Everybody has an opinion about Jesus. Many see Him as a compassionate man. Some call Him a wise teacher. Others regard Him as a great prophet. But what did Jesus say about Himself? He claimed to be God.

Several years ago C. S. Lewis, in his book Mere Christianity, wrote these words concerning the identity of Jesus:

I am trying here to prevent anyone from saying the really foolish things that people often say about Him: “I am ready to accept Jesus as a great moral teacher, but I don’t accept His claim to be God.” That is the one thing we must not say. A man who was merely a man and said the sort of things Jesus said would not be a great moral teacher. He would either be a lunatic—on a level with the man who says he is a poached egg—or else he would be the Devil of Hell. You must make your choice. Either this man was, and is, the Son of God: or else a madman or something worse. You can shut Him up for a fool, you can spit at Him and kill Him as a demon; or you can fall at His feet and call Him Lord and God. But let us not come with any patronizing nonsense about His being a great human teacher.—C. S. Lewis, Mere Christianity, p. 41

If I claimed to be the Son of God, equal with the Father, and fully God, you would say I was either lying or a lunatic, and rightly so. But what about Jesus? Was He lying? Was He a lunatic? The only other option is that He is the Lord.

In John 5, Jesus healed a lame man. You would think that would be a reason for the Jewish authorities to celebrate. But instead they were angry that this healing took place on the Sabbath.

So, because Jesus was doing these things on the Sabbath, the Jews persecuted him. Jesus said to them, “My Father is always at work to this very day, and I, too, am working.” For this reason the Jews tried all the harder to kill him; not only was he breaking the Sabbath, but he was even calling God his own Father, making himself equal with God (vv. 16-18).

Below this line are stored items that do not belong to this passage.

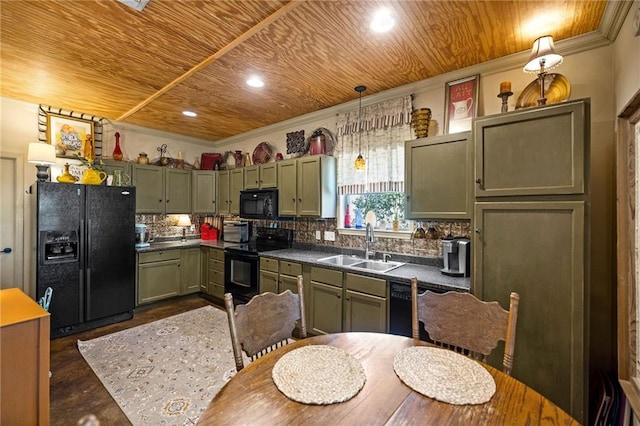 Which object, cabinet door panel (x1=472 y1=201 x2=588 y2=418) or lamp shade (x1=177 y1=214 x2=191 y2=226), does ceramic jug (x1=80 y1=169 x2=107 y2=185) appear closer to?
lamp shade (x1=177 y1=214 x2=191 y2=226)

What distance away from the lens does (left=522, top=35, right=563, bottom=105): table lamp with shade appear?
1947mm

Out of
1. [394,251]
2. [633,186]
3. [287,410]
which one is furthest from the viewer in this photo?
[394,251]

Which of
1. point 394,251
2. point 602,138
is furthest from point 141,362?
point 602,138

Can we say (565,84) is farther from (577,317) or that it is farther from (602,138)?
(577,317)

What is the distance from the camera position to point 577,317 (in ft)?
5.63

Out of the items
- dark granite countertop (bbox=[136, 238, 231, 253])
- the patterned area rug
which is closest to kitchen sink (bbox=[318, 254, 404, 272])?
the patterned area rug

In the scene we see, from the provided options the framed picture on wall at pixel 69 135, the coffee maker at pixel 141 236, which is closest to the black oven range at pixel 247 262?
the coffee maker at pixel 141 236

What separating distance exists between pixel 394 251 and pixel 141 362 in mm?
2701

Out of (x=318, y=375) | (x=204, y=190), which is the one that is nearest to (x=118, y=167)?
(x=204, y=190)

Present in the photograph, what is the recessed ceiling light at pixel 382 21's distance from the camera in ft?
6.16

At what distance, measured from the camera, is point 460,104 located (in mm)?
2674

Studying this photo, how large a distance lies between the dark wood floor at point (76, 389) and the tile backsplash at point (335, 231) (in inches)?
69.5

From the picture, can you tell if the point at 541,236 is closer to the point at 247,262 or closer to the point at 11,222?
the point at 247,262

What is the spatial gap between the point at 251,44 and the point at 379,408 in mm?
2432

God in Three Persons: The Trinity

Deuteronomy 6:4 has become the Jewish confession of faith: “Hear, O Israel: The LORD our God is one.” The Jews were, and still are, unshakably monotheistic. God Himself declared, “I am the LORD, and there is no other; apart from me there is not God” (Isaiah 45:5a). When Jesus claimed to be equal with the Father, they thought He was claiming to be another God. To the Jews, this was the most serious crime a person could commit and was punishable by death.

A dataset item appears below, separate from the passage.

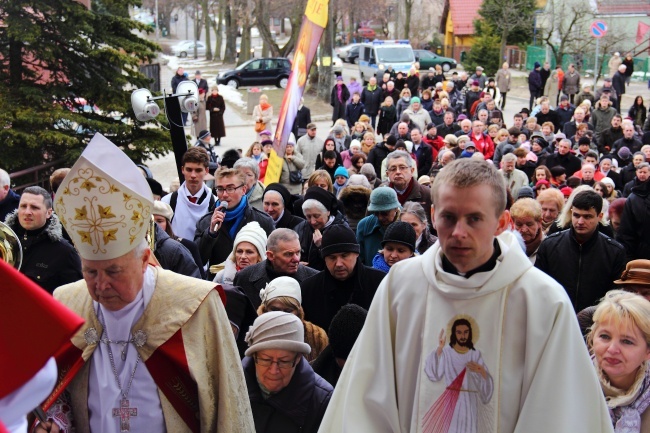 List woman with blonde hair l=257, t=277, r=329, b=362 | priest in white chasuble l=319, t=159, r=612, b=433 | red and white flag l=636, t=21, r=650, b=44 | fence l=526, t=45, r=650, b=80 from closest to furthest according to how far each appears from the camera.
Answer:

The Jewish authorities didn’t understand the doctrine of the Trinity. Three statements summarize the this doctrine:

1. God is THREE persons: Father, Son, and Holy Spirit.

The Father is not the Son; the Son is not the Holy Spirit; the Holy Spirit is not the Father. They are distinct persons. “In the beginning was the Word [Christ], and the Word was with God…” (John 1:1). Jesus is God but distinct from the Father (“with God”).

2. Each person is FULLY God.

“…and the Word was God [no less than the Father].”

3. There is ONE God.

“…and the Word was God [not another God].”

A Common Error

Sometimes I act as a husband; sometimes I act as a father; and sometimes I act as a pastor. Some people believe that God is like that. Sometimes He acts as the Father; sometimes He acts as the Son; and sometimes He acts as the Holy Spirit. This belief (known as modalism) rejects the first statement: God is three persons. Its fatal shortcoming is the fact that it must deny the personal relationships within the Trinity that appear in so many places in Scripture (including today’s passage).

In John 5:19-30, we read of Jesus’ answer to those who accused Him of breaking the Sabbath by healing the lame man.

19Jesus gave them this answer: “I tell you the truth, the Son can do nothing by himself; he can do only what he sees his Father doing, because whatever the Father does the Son also does. 20For the Father loves the Son and shows him all he does. Yes, to your amazement he will show him even greater things that these. 21For just as the Father raises the dead and gives them life, even so the Son gives life to whom he is pleased to give it. 22Moreover, the Father judges no one, but has entrusted all judgment to the Son, 23that all may honor the Son just as they honor the Father. He who does not honor the Son does not honor the Father, who sent him.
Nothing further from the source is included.